We sit down with Steven Heller to discuss the designer’s role in society and his perspective on different forms of design.

Steven Heller is a name that requires no introduction within the design world. The prolific art director is right up there with fellow godfathers of design, Seymour Chwast and Milton Glaser. At the School of Visual Arts in New York, his corner office is an ode to decades in the industry. Wide shelves sardined with a mix of his and other reputable books, catalogues, and publications, in addition to the miniature retail collectables occupying every available surface, reflect a life dedicated to design.

Art director, journalist, critic, editor, lecturer and author of more than 150 books on graphic design and popular culture themes, Heller is more than well-versed on design matters. His take on the industry, where it comes from, and where it’s going, is something worth paying attention to and sharing.

“A designer’s role in society is whatever a human being’s role in society is,” says Heller at the beginning of the interview. “They have a function and the function is to make things clear and convey messages – sometimes they entertain, sometimes they just illuminate, sometimes they are activists and advocates.”

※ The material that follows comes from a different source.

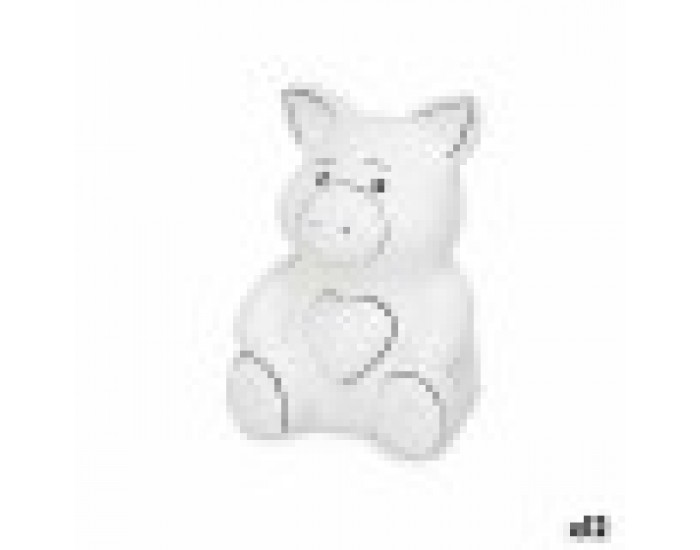 Касичка за Рисуване Прасе Керамика 9 x 11,8 x 8,5 cm (12 броя)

Heller goes on to elaborate on how he found his place in the industry as an art director. He describes himself as an orchestrator of sorts, who had to navigate the fundamental similarities and differences between multiple disciplines, such as the distinction between visual and verbal art.

For Heller, there are two questions that should be considered when looking at any piece of design work:

“I think graphic design of today will be like graphic of yesterday. It’s going to be looked at (if looked at, at all,) as what was it influenced by and what did it influence.”